Many of you have probably heard of the Gambler’s Fallacy. This is where a gambler believes past independent events can affect a future outcome. If you want to read more, we discussed this fallacy in depth in our series on the hidden probabilities of Roulette. The Gambler’s fallacy has a converse however, the Hot Hand fallacy, and it is what we are going to analyze this week.
The term a “hot hand” was initially used in basketball to describe a basketball player who had been very successful in scoring over a short period. The notion is “If you have been winning, you are more likely to win again.” Like the Gambler’s fallacy, past independent events are thought to influence future outcomes. However, this fallacy can be sneaky. Suppose you are betting on a game of chance or sports outcomes and have been winning. Do you believe you are more likely to win again the next time you bet? The mentality is pervasive. When you go the casino with a bunch of friends and start winning a few bets in a row, it can be hard to rationally think about the hot hand fallacy!
Recently, we read an article claiming researchers had found proof that the Hot Hand actually existed and should be taken off the list of statistical fallacies immediately. However, after reading past the clickbait title, we found this analysis fascinating, both by the fact that the Hot Hand seems to exist and can increase a gambler’s odds, as well as the undertaking by the scientists to understand why it is so.
It does actually turn out that the Hot Hand fallacy still does not exist, as it was shown that winning-streak gamblers had an average loss of £1.0078 for each pound they bet while non-streaky gamblers had an almost identical average loss of £1.0077. However, it was also undeniable that winning-streak gamblers had better odds to win their next bet when compared to losing-streak gamblers. After some admirable detecting work, the scientists discovered the confounding variable - the type of bet gambled on next.
Gamblers with a winning streak, more often than not, placed bets with greater odds of winning. Meanwhile, gamblers on a losing streak placed bets with lower odds of winning, thinking they would win big and offset their losses. Naturally, these bets led to the circumstance where winning-streak gamblers were more likely to win their next bet.
An interesting example of the hot hand fallacy can be seen with the 2016 Cleveland Indians. From June 17 - July 2, the Indians did not lose. They were unbeatable. In fact, they set a franchise record for wins with 14. Many pegged them as the best team in baseball at the time and guaranteed of a serious World Series bid. We all know what Game 7 of the World Series last year thought of that winning streak though…
Initially, we were on board with supporting the Indians and riding their Hot Hand to a franchise if not league record. However, after delving into their actual schedule of those games, we changed our opinion regarding their ability to extend the streak. We postulated that the Indians would not break their franchise record and snap their win streak at 12 or 13 games. We also realized that their win streak did not mean they were the greatest team in the MLB. As discussed above with the gamblers on winning streaks, it is important to understand the context behind the streak.
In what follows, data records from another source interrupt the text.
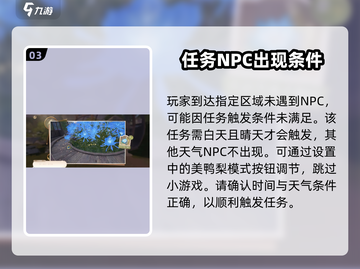 💥无限暖暖花房🔥失物任务全攻略📍截图4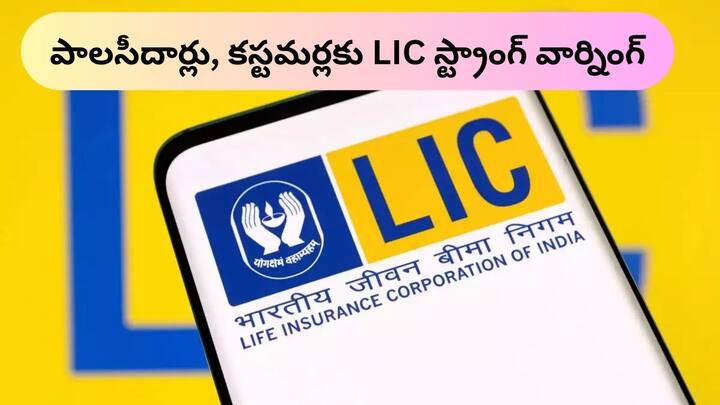 LIC of India warns its policyholders and customers about fraudulent lic apps and fraudulent lic plotfarms LIC Warning: పాలసీహోల్డర్లకు ఎల్‌ఐసీ తీవ్ర హెచ్చరిక - అలా చేయొద్దని వార్నింగ్‌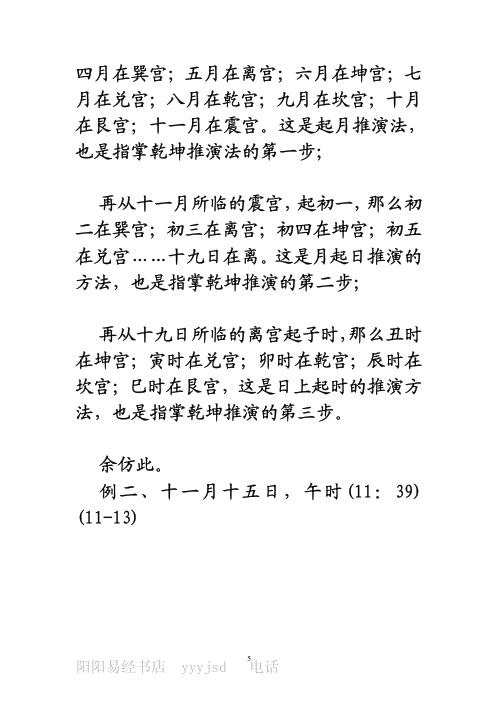 太公奇门遁_亲笔手稿传授全卷_飞龙道人.pdf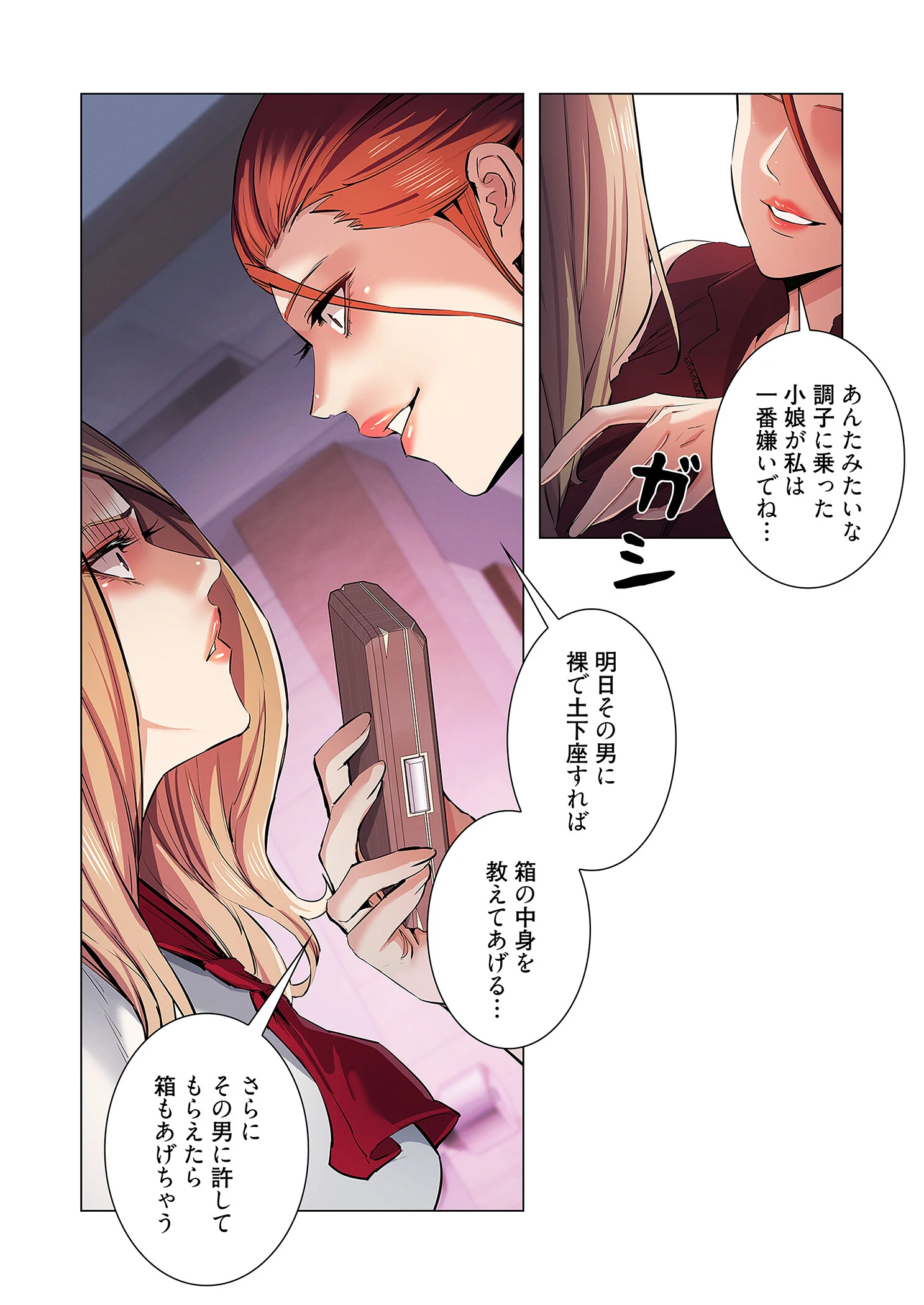 強欲ゲーム（フルカラー） 11 7ページ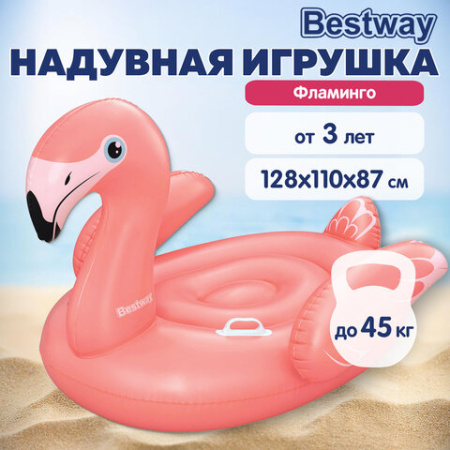 Надувная игрушка-наездник "Фламинго", 128x110x87см, от 3 лет, BESTWAY, 41525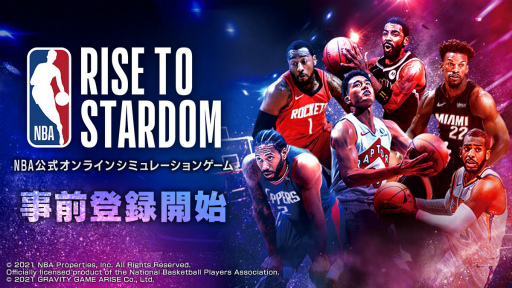 ꡼ No.001Υͥ / NBA RISE TO STARDOMסФȤΥꥳ椵餬б餹ȤͽԤ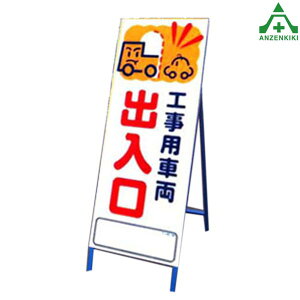 A[gSLŔ A[gSL-34 Hpԗo (550×1400mm) SgtHŔ HH ĊŔ X^hŔ ē HݒuŔ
The Indians started their winning streak by sweeping the Chicago White Sox, a team that finished fourth in the AL Central with a below .500 winning average. Next, the Indians swept the Tampa Bay Rays, a team that finished dead last in the AL East win an appalling .420 winning percentage. In context, the Cubs had a .640 winning percentage. Then the Indians swept the Tigers, a team that although finishing second in the AL Central, was at the time barely a .500 team. The Indians then swept the rebuilding Atlanta Braves, who finished last in the NL East with a .422 winning record. Sure, winning 12 games is not easy, but that schedule made it definitely a lot more probable. It could be argued that the Indians kept extending their winning streak because they played games where they had a higher chance of winning- games against poor teams.
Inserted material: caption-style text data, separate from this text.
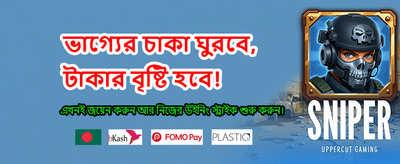 সেরা গেমিং অভিজ্ঞতা উপভোগ করুন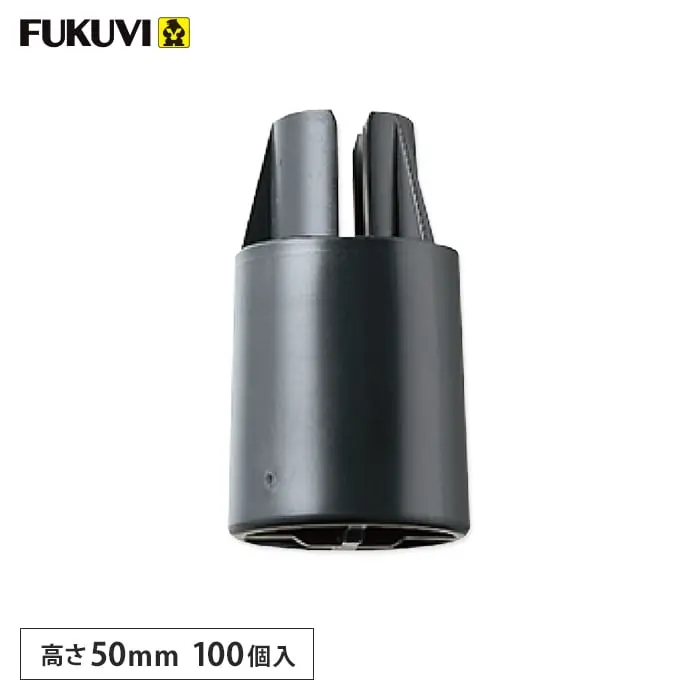 フクビ OAフロア 補助脚(H=50用)スペアスタンド50S 100個入り【掲載品番】FU-OF-SS50S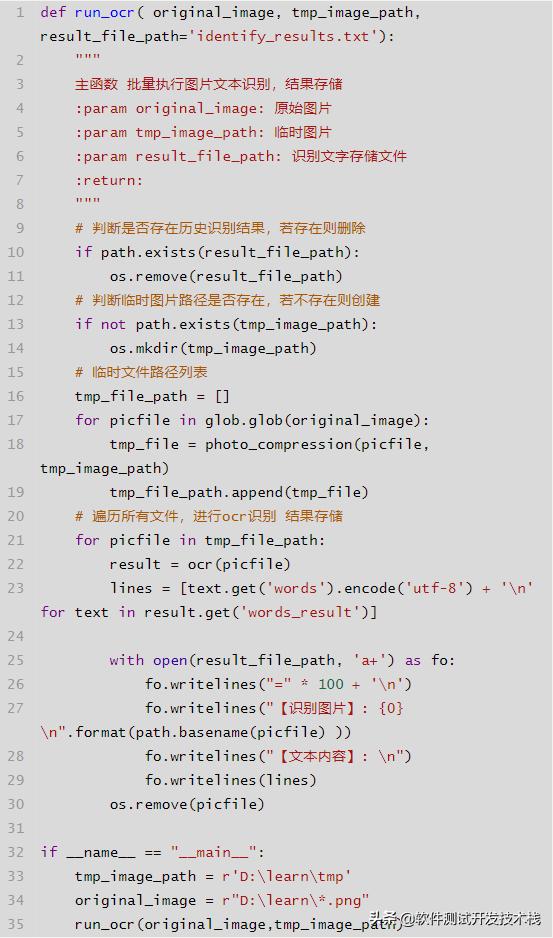 如何有效提升Python图片文字识别准确度的技巧探讨? 第1张 如何有效提升Python图片文字识别准确度的技巧探讨? 第1张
Their next series was against the Blue Jays, a team at the time that was 6 games above .500 and rising quickly in the NL East. Since the Blue Jays were the first good team to play the Indians in the last 3 weeks, I disembarked from the Hot Hand train and thought that they would be the team to bring the Indians back down to Earth. Although this was true, it took until the third game of the series when the Indians had already clinched a new franchise record. Ironically, the hot hand mentality may have caused the Indians to win game 14 in a row. The second game against the Blue Jays took an astonishing 19 innings with 19 pitchers used between the two teams. The Indians ended up winning the game, to clinch the franchise record, and it can be argued that they wanted the win more than Blue Jays while also believing that they were unbeatable.
Although the Hot Hand is definitely a fallacy, maybe there was something about winning 13 games in row that gave the Indians the mental boost they needed to outlast the Blue Jays in a 19 inning marathon. What do you all think? Does the Hot Hand exist within the scope of professional athletes and athleticism? Or does the fallacy remain steadfast?